Cine-debate dá voz às mães de vítimas da violência estatal
Evento promovido pela 7ª Câmara discutiu o protagonismo das mulheres no enfrentamento à violência e à letalidade policial
Foto: Antonio Augusto Secom/PGR
Maio de 2006 foi o último ano em que Débora Maria da Silva comemorou seu aniversário e o Dia das Mães. Atualmente, aos 59 anos, apenas “completa anos” e usa todos os seus dias para lutar pela memória do seu filho, Edson Rogério Silva dos Santos. A batalha de Débora, fundadora da organização Mães de Maio, é a mesma de Ivanir Mendes dos Santos, da Rede de Comunidades e Movimentos contra a Violência (RJ), que também viu seu único filho ser morto pela polícia. As duas participaram de um cine-debate na Procuradoria-Geral da República, nesta segunda-feira (25), e relataram as dores das mães que, apesar de ainda vivas, foram atingidas em cheio pela violência policial.

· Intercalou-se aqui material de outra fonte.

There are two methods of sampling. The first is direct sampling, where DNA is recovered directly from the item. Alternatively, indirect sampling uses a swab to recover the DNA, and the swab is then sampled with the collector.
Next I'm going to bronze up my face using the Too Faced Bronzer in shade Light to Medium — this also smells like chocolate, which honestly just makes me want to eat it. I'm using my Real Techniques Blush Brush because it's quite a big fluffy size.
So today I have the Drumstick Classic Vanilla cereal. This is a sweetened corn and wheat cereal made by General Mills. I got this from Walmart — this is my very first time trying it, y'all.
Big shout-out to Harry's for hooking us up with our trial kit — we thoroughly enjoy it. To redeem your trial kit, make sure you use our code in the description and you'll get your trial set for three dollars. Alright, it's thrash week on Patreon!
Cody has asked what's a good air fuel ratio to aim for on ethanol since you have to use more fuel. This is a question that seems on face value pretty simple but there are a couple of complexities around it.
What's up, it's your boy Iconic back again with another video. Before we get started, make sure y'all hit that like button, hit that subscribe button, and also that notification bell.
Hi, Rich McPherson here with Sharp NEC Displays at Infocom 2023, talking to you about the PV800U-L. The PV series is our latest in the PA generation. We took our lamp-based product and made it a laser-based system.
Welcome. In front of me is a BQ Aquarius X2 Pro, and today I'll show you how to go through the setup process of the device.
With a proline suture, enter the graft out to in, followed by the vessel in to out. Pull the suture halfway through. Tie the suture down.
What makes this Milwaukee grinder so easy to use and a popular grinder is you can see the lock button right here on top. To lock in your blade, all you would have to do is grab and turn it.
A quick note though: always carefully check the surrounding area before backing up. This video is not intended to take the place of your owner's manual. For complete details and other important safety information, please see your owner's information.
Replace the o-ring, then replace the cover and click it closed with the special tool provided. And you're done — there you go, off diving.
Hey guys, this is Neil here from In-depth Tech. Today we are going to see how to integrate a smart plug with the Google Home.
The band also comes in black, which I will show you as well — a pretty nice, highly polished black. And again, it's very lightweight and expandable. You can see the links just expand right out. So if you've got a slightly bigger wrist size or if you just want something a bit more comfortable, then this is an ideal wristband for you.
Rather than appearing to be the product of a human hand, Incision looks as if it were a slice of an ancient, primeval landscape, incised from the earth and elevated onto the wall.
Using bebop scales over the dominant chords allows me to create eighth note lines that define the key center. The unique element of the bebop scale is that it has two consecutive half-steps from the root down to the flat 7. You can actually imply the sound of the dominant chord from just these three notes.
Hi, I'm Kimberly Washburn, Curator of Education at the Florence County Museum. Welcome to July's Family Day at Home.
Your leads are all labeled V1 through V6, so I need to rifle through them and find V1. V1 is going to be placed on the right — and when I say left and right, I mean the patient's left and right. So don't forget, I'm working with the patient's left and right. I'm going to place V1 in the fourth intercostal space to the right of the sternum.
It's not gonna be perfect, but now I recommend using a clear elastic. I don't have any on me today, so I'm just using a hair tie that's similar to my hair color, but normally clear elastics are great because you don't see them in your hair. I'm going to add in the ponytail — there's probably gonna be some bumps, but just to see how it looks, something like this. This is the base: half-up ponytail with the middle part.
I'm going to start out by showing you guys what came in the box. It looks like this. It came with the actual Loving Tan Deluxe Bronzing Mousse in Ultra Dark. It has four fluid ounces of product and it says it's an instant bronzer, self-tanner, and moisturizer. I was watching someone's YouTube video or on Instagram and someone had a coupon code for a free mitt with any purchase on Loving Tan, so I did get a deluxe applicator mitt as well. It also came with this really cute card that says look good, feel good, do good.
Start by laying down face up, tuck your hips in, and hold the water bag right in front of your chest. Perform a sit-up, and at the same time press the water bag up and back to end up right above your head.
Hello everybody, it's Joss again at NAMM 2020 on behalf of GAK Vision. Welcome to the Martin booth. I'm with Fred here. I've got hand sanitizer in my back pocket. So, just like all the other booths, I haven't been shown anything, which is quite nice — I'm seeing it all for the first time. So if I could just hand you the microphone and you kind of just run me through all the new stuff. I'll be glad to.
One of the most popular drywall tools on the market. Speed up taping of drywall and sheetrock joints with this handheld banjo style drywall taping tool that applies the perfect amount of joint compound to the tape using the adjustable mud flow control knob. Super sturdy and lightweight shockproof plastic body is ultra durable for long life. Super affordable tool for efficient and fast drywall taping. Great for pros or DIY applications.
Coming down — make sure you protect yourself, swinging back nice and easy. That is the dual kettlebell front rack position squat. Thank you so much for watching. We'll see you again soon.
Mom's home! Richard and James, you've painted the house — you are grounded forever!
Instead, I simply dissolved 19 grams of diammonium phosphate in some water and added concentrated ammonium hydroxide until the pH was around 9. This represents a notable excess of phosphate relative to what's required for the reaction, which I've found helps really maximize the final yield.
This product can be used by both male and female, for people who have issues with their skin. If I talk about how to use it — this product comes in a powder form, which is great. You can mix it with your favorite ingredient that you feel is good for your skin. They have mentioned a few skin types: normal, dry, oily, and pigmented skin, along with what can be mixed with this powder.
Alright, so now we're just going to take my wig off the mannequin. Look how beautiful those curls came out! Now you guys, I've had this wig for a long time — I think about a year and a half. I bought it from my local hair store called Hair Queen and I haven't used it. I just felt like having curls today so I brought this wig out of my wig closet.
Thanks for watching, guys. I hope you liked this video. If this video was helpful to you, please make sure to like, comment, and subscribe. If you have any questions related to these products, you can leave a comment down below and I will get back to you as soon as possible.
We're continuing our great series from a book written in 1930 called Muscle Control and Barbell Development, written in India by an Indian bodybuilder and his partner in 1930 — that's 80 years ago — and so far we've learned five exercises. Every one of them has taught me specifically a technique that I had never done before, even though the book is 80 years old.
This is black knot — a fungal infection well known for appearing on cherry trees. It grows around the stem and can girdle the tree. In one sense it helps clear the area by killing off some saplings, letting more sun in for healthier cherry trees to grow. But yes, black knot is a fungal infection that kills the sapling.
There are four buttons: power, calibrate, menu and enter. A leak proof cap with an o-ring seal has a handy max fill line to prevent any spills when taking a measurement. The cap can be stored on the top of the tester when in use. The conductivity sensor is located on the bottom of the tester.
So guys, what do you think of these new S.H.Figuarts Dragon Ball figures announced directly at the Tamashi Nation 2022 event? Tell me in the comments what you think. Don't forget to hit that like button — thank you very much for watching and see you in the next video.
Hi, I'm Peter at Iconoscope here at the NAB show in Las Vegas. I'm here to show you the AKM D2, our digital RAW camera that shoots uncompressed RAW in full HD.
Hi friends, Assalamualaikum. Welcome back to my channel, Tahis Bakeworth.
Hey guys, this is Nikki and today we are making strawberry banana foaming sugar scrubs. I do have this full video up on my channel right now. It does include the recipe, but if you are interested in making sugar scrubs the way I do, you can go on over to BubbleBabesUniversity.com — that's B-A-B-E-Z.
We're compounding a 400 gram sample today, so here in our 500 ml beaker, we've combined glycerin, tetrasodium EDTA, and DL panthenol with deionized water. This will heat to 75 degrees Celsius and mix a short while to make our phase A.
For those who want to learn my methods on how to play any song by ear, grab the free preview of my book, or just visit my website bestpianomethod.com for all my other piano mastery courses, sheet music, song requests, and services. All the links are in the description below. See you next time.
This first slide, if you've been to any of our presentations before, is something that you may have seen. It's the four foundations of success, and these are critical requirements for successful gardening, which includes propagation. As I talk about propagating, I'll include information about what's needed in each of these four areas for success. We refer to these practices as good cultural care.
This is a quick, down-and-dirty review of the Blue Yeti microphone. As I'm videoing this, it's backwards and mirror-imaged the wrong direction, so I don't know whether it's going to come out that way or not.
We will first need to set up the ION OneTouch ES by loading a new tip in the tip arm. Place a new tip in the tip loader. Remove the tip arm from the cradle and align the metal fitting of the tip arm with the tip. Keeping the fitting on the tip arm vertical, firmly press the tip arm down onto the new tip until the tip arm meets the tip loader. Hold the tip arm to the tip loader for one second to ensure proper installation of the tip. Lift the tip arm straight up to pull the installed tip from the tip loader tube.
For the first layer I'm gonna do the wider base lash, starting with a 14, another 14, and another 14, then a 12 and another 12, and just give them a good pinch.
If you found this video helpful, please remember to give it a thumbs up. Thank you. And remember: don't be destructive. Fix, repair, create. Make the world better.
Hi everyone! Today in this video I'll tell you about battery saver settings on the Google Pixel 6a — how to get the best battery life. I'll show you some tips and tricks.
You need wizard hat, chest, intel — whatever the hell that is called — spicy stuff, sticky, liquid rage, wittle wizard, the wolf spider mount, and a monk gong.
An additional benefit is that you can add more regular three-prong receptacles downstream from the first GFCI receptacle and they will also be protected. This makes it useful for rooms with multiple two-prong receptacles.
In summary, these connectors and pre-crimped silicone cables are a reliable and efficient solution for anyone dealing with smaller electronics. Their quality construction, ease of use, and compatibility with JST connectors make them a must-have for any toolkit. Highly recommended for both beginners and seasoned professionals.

O debate, promovido pela Câmara de Controle Externo da Atividade Policial e Sistema Prisional do Ministério Público Federal (7CCR/MPF), contou com a exibição do documentário “Auto de Resistência” e um diálogo sobre o filme com a presença das duas mães, da diretora do documentário, Natasha Neri, e da subprocuradora-geral da República Ela Wiecko, coordenadora do Comitê Gestor de Gênero e Raça do MPF. A atividade integrou a programação do mês da mulher na PGR.
Na avaliação do coordenador da 7ª Câmara, subprocurador-geral da República Domingos Sávio, o Ministério Público Federal deve, cada vez mais, ouvir e dar visibilidade às mulheres e à luta contra a violência policial. “Para avançar, precisamos estreitar a relação com os movimentos sociais. São eles que lutam de forma concreta em prol dos direitos humanos”, afirmou. Já a procuradora Sandra Cureau, mediadora do debate, lembrou que a defesa dos direitos humanos está diretamente ligada ao controle externo da atividade policial. “Precisamos impedir as diárias violações e garantir os direitos fundamentais a toda população”, resumiu.
Cine-debate – O filme de Natasha Neri retrata homicídios praticados pela polícia contra civis, no Rio de Janeiro, em casos relatados oficialmente como “autos de resistência”. No debate sobre o documentário, Natasha criticou a banalização dessa prática. Para ela, essa justificativa que os policiais têm para atirar é uma cortina de fumaça que esconde o genocídio contra a população negra e periférica brasileira.
A cineasta aproveitou para ressaltar o protagonismo das mulheres no enfrentamento à violência estatal e à letalidade policial, que deu nome ao evento promovido pela 7ª Câmara. Durante o cine-debate, Ela Wiecko pontuou que o filme deu voz às vítimas que não são ouvidas pela grande mídia e criticou as políticas públicas que não incluem a parcela menos favorecida da população.
Relatos – Mesmo após ter o único filho, Moisés Mendes de Santana, morto aos 21 anos, Ivanir ressaltou que não é contra os policiais, tampouco concorda com a guerra entre a corporação e as periferias cariocas. “Não somos contra os policiais, muito menos a favor de bandidos. Queremos a humanização da segurança pública no Brasil”, destacou. Em seu relato, a mãe pediu ajuda das autoridades para que não seja aprovado o chamado pacote anticrime, proposto pelo governo federal. “Esse projeto vai legalizar a carnificina que já está acontecendo, porque autoriza os policiais a matarem ainda mais inocentes”, alertou.
Já Débora, que fará 60 anos em 10 de maio, perdeu o filho no massacre que ocorreu em São Paulo em maio de 2006. Ela e centenas de outras mães na mesma situação integram a organização Mães de Maio. Nessa batalha, as mães pedem justiça pela morte dos filhos, mas chamam atenção principalmente para o massacre diário que ocorre no país, dada a quantidade de jovens negros e moradores de periferia que são assassinados por policiais sob a justificativa do “auto de resistência”.